What to produce: Pictures aside, print all of the data below exactly as written.
*** Provided records ***
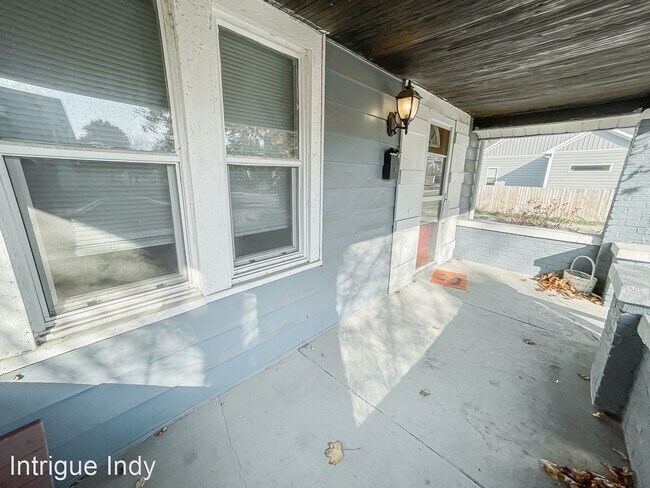 Building Photo - 2 br, 1 bath House - 2230 Woodlawn Ave
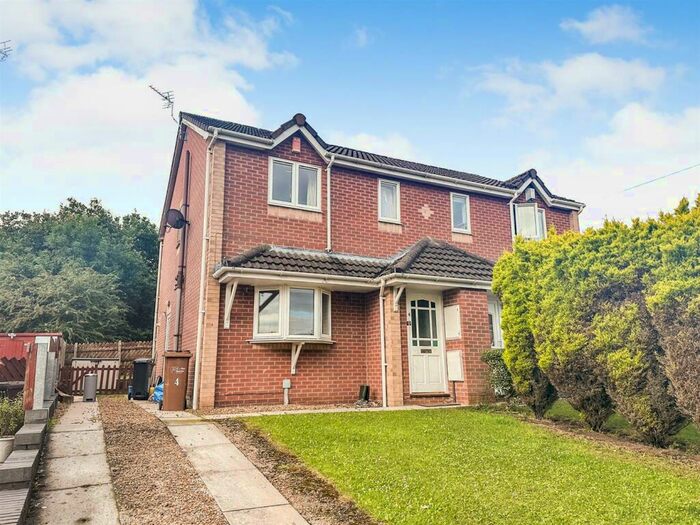 3 Bedroom Semi-Detached House To Rent In Higher Close, Connahs Quay, Deeside, CH5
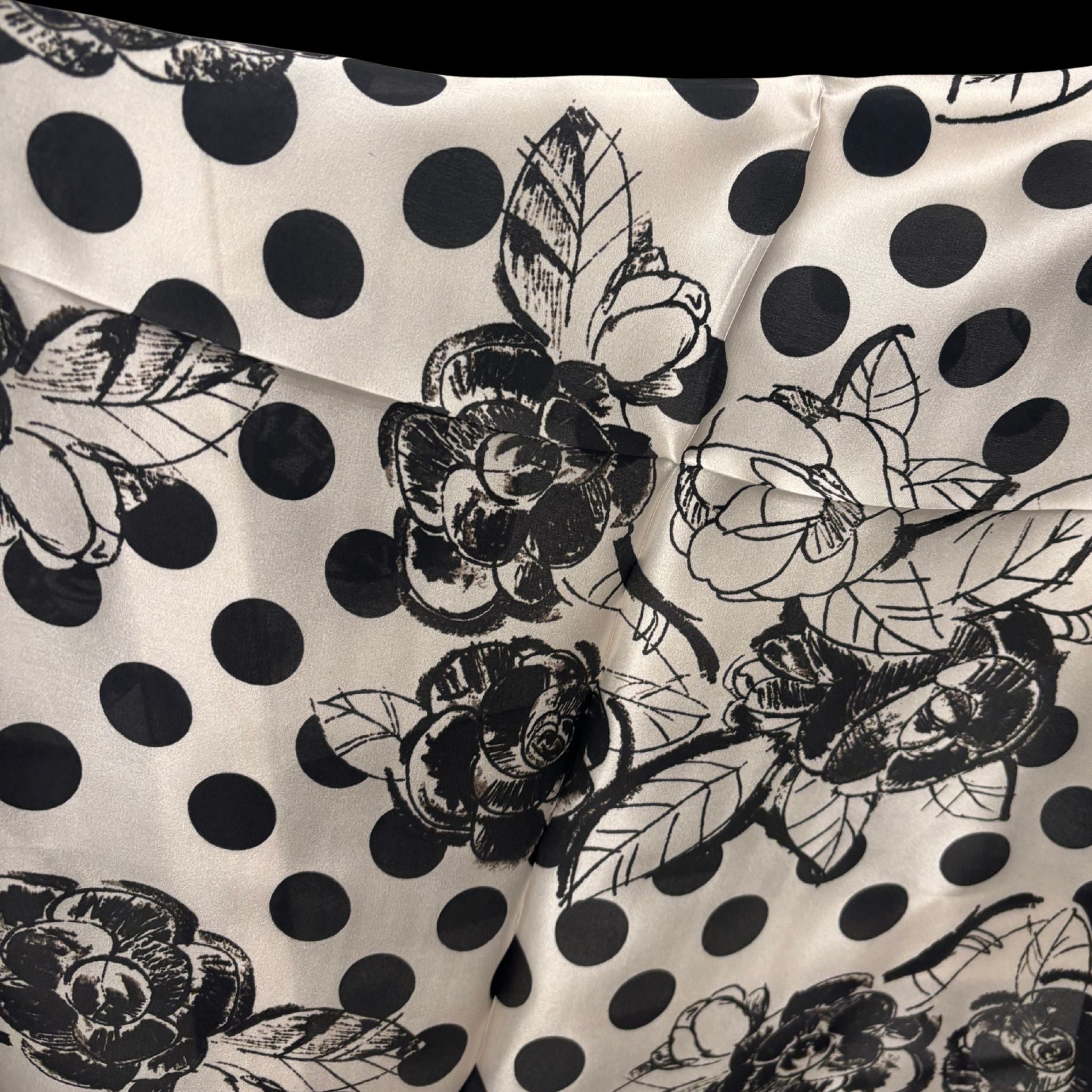 Satin Silk Square 70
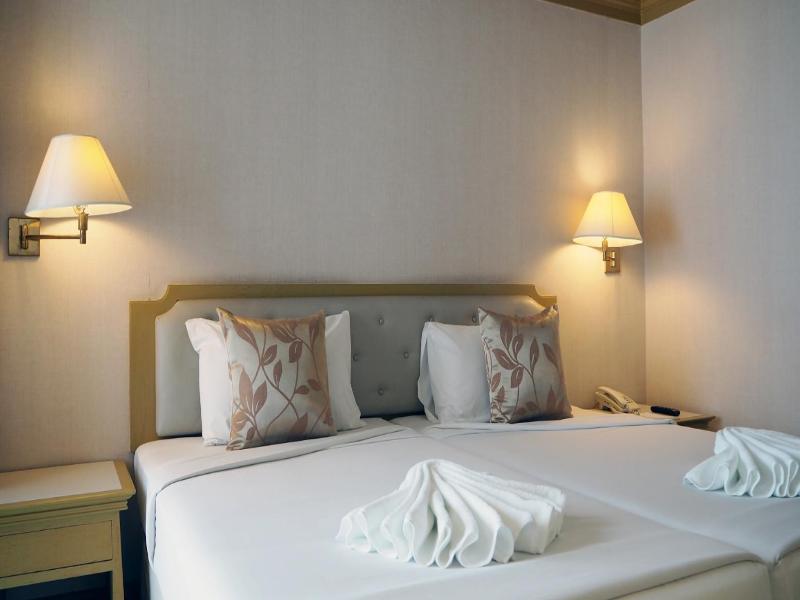 City Beach Resort image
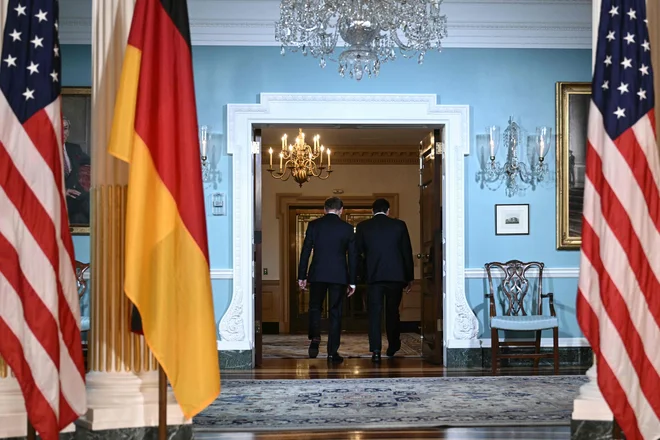 Ameriški zunanji minister Marco Rubio in nemški zunanji minister Johann Wadephul po kratkem srečanju minuli teden nista našla časa za skupno tiskovno konferenco FOTO: Brendan Smialowski/AFP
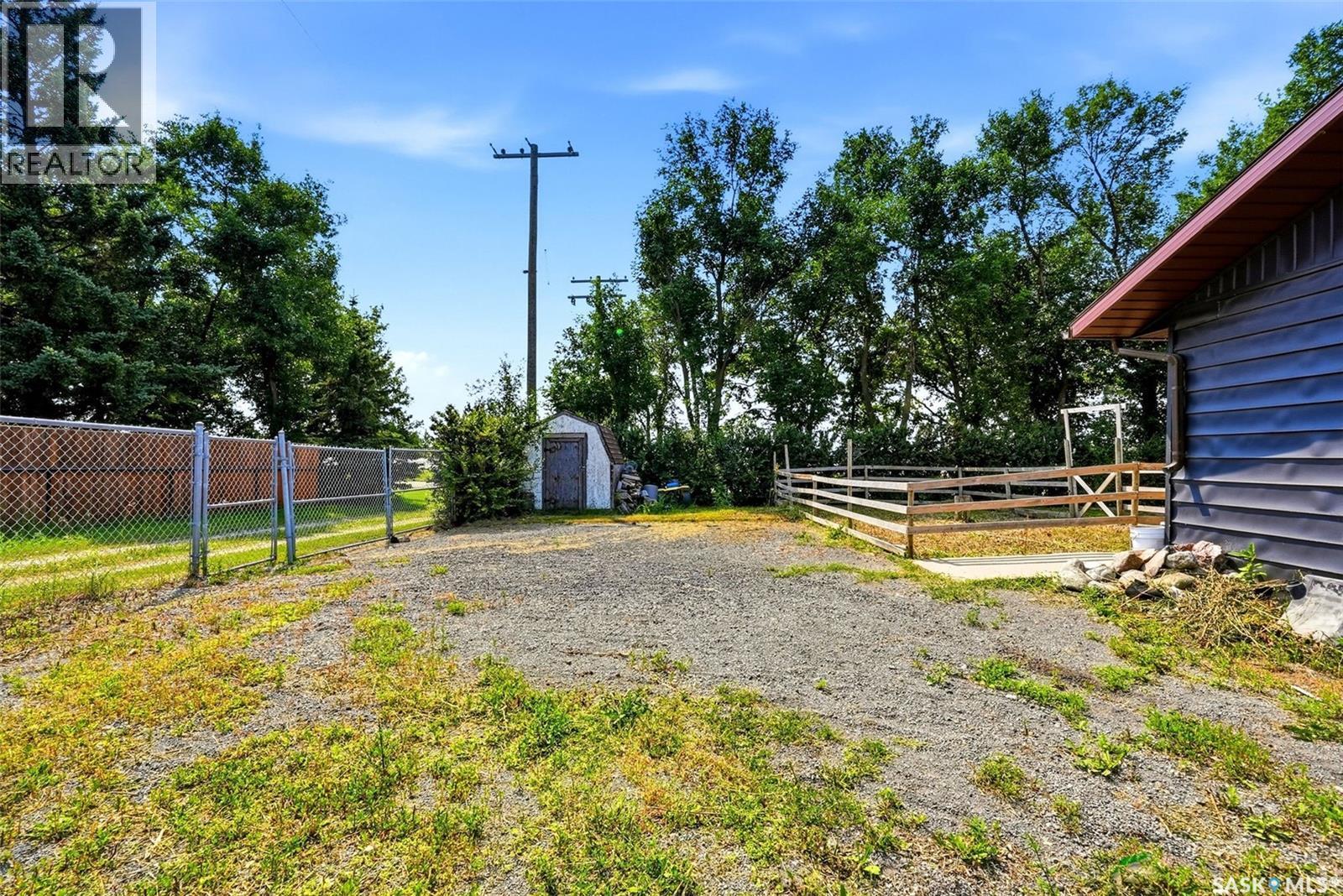 365 Second Street, Mclean, SK - Outdoor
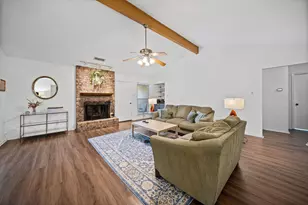 2010 S Arbor Rose Dr, Grand Prairie, TX 75050 - Photo 4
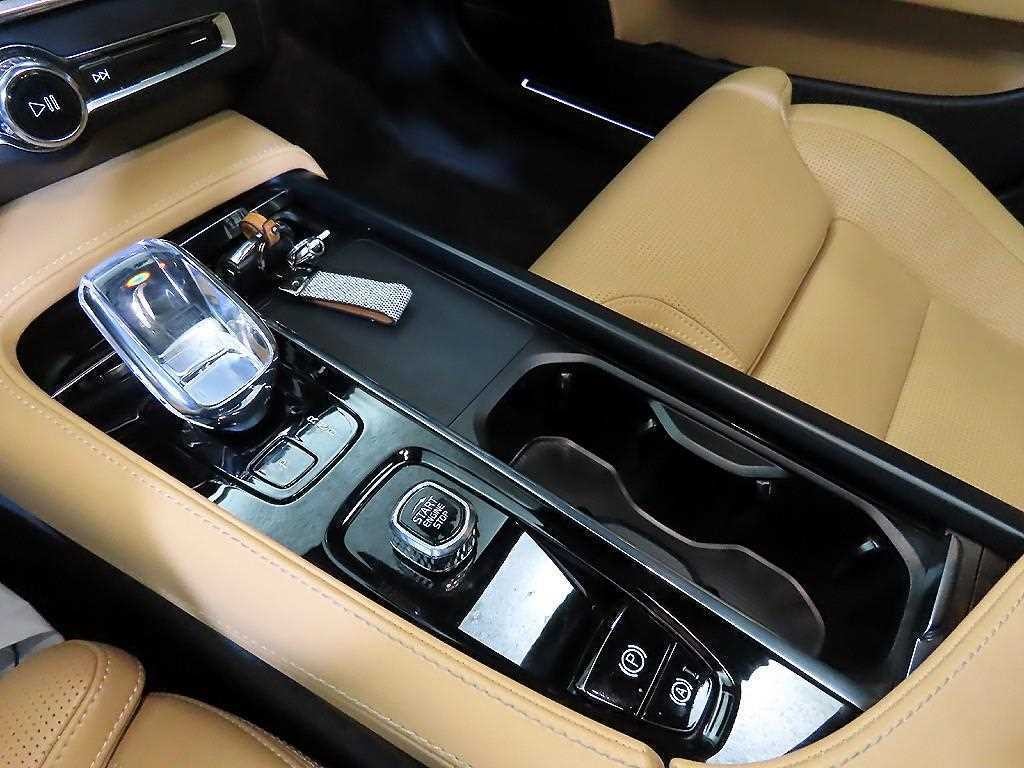 볼보 S90 B5 얼티메이트 브라이트 이미지 12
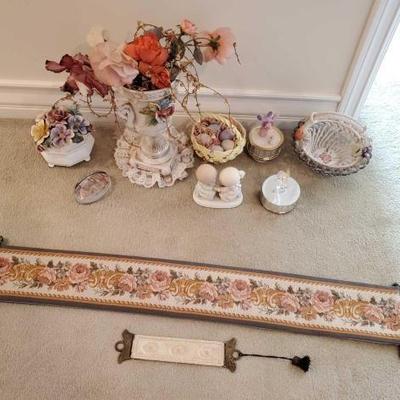 #2035 â€¢ Wall Decor, Vases with Flowers, Music Boxes, Collectable Baskets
*** End of Provided records ***
Solution for this exercise:
 Building Photo - 2 br, 1 bath House - 2230 Woodlawn Ave
 3 Bedroom Semi-Detached House To Rent In Higher Close, Connahs Quay, Deeside, CH5
 Satin Silk Square 70
 City Beach Resort image
 Ameriški zunanji minister Marco Rubio in nemški zunanji minister Johann Wadephul po kratkem srečanju minuli teden nista našla časa za skupno tiskovno konferenco FOTO: Brendan Smialowski/AFP
 365 Second Street, Mclean, SK - Outdoor
 2010 S Arbor Rose Dr, Grand Prairie, TX 75050 - Photo 4
 볼보 S90 B5 얼티메이트 브라이트 이미지 12
 #2035 â€¢ Wall Decor, Vases with Flowers, Music Boxes, Collectable Baskets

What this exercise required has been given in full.